Problem details ->
List each line of the data that holds the string "Product", please.

Records from a dataset
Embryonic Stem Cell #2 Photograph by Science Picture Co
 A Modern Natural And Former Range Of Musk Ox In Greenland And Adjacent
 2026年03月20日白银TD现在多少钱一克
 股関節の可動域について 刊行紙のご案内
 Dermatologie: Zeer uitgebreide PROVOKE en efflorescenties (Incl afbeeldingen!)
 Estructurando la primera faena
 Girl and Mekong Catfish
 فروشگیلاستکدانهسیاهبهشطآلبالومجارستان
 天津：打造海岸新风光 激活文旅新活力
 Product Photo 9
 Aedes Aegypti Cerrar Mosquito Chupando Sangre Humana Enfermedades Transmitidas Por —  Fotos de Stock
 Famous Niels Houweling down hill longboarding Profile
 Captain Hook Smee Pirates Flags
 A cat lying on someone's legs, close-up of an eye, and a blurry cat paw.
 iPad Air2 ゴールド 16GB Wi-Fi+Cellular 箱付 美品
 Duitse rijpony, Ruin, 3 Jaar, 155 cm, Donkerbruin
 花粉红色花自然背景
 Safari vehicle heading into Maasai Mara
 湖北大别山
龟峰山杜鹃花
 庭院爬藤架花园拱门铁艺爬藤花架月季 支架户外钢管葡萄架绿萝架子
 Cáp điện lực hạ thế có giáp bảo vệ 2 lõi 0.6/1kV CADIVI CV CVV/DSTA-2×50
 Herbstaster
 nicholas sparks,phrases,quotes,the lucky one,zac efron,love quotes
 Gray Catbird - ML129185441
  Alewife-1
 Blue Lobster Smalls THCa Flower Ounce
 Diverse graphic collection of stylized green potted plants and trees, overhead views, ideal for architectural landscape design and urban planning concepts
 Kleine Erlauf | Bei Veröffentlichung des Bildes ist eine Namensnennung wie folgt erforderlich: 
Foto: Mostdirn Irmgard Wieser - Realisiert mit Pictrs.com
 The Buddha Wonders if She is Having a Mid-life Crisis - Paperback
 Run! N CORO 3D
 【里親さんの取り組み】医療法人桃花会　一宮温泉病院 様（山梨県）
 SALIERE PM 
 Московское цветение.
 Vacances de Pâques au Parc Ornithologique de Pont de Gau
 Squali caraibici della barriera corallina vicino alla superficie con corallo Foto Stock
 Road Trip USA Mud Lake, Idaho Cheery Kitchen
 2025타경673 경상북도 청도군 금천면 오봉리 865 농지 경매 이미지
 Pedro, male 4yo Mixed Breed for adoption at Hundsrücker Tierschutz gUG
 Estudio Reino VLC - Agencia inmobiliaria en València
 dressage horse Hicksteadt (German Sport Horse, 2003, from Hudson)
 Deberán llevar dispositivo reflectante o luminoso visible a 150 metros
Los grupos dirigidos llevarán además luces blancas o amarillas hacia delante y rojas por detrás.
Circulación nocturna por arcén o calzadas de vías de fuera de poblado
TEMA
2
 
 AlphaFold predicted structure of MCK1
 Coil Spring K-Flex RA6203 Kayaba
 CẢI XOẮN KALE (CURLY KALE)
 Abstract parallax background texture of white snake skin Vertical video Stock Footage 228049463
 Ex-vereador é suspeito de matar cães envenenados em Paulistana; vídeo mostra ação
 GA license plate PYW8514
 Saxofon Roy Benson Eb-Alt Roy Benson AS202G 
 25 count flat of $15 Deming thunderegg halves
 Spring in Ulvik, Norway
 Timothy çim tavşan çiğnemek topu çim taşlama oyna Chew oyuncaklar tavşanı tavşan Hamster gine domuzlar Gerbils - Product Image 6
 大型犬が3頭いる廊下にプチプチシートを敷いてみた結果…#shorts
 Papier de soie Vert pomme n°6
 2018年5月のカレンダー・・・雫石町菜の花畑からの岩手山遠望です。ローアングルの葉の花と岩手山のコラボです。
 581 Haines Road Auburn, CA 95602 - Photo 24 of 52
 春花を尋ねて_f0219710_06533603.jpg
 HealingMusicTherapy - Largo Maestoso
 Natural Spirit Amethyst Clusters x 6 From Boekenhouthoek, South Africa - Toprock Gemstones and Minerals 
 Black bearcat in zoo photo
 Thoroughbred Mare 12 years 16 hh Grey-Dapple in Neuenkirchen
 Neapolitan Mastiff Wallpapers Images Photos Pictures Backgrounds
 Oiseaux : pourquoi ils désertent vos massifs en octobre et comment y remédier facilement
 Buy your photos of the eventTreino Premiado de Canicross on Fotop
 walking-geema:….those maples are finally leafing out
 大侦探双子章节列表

Response ->
 Product Photo 9
 Timothy çim tavşan çiğnemek topu çim taşlama oyna Chew oyuncaklar tavşanı tavşan Hamster gine domuzlar Gerbils - Product Image 6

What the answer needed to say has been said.